**ASSIGNED TASK**
Every line of the listing below is to be repeated exactly; the pictures stay out.

**DATA EXTRACT**
◆ ◆ ◆ ◆ ◆ ◆ ◆

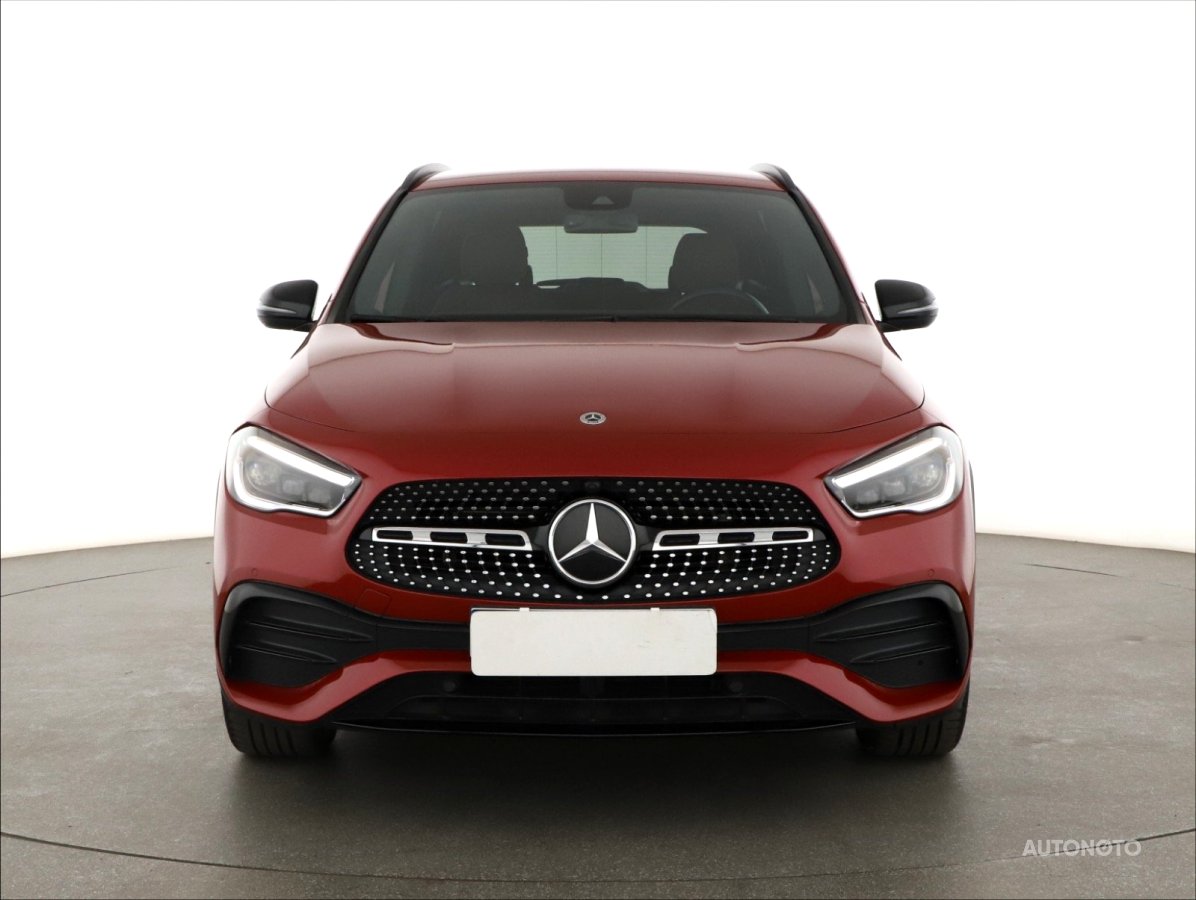 Mercedes-Benz GLA, 2022 - pohled č. 2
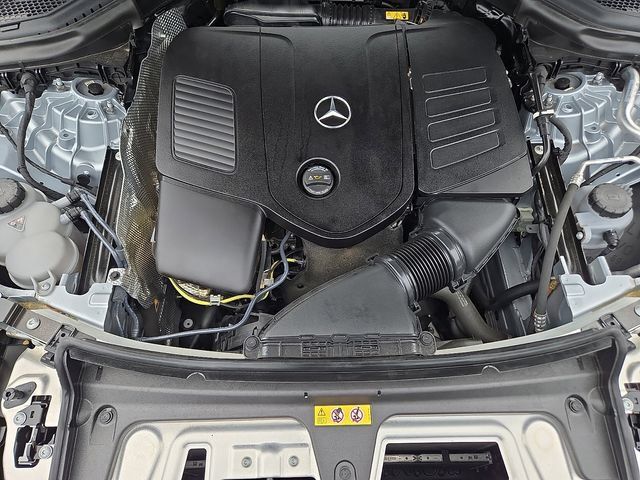 Used 2024 Mercedes-Benz GLC 300 4MATIC w/ Advanced USB Package image 28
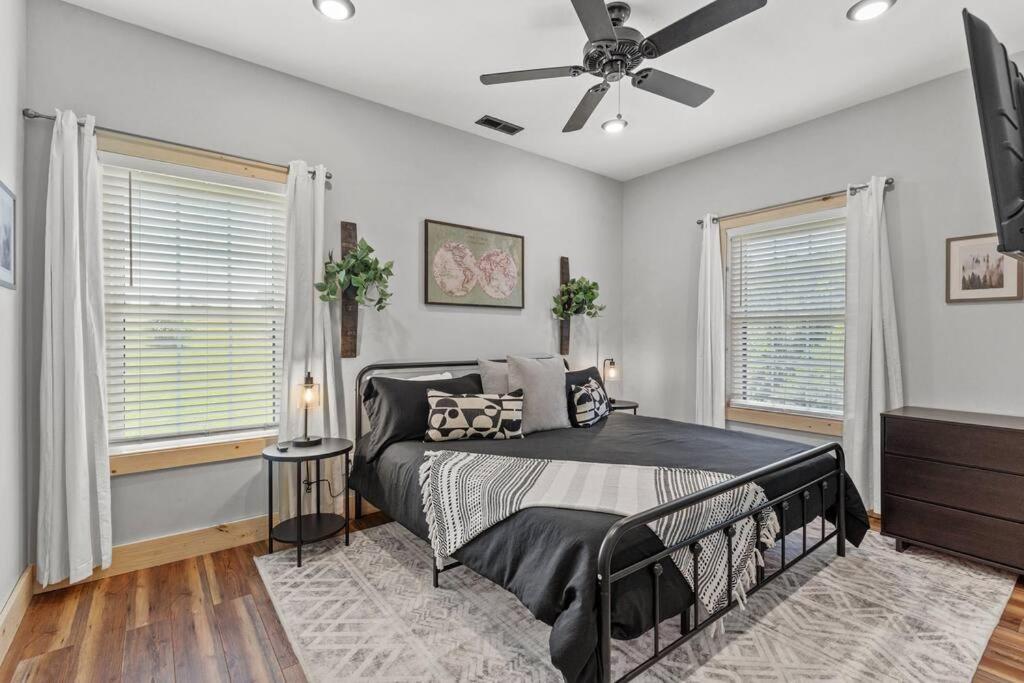 Three-Bedroom Villa photo 1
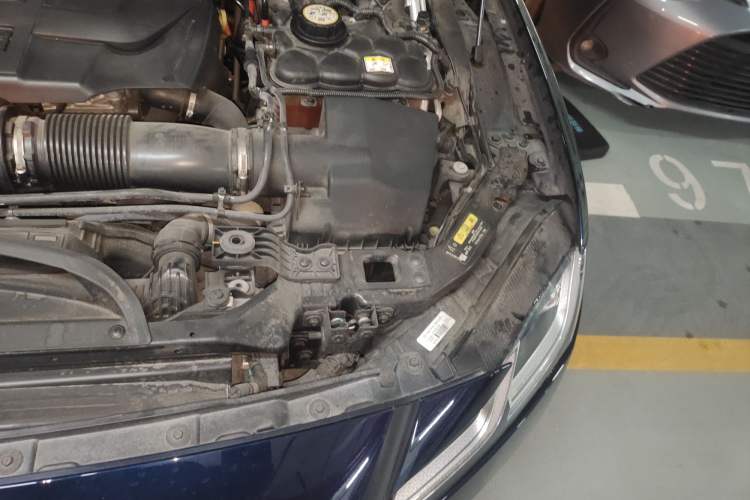 Used Jaguar XFL 2021 XFL 2.0T P250 Two-Wheel-Drive Luxury Deluxe Edition Engine Bay Left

◆ ◆ ◆ ◆ ◆ ◆ ◆

**SOLUTION TO THIS TASK**
 Mercedes-Benz GLA, 2022 - pohled č. 2
 Used 2024 Mercedes-Benz GLC 300 4MATIC w/ Advanced USB Package image 28
 Three-Bedroom Villa photo 1
 Used Jaguar XFL 2021 XFL 2.0T P250 Two-Wheel-Drive Luxury Deluxe Edition Engine Bay Left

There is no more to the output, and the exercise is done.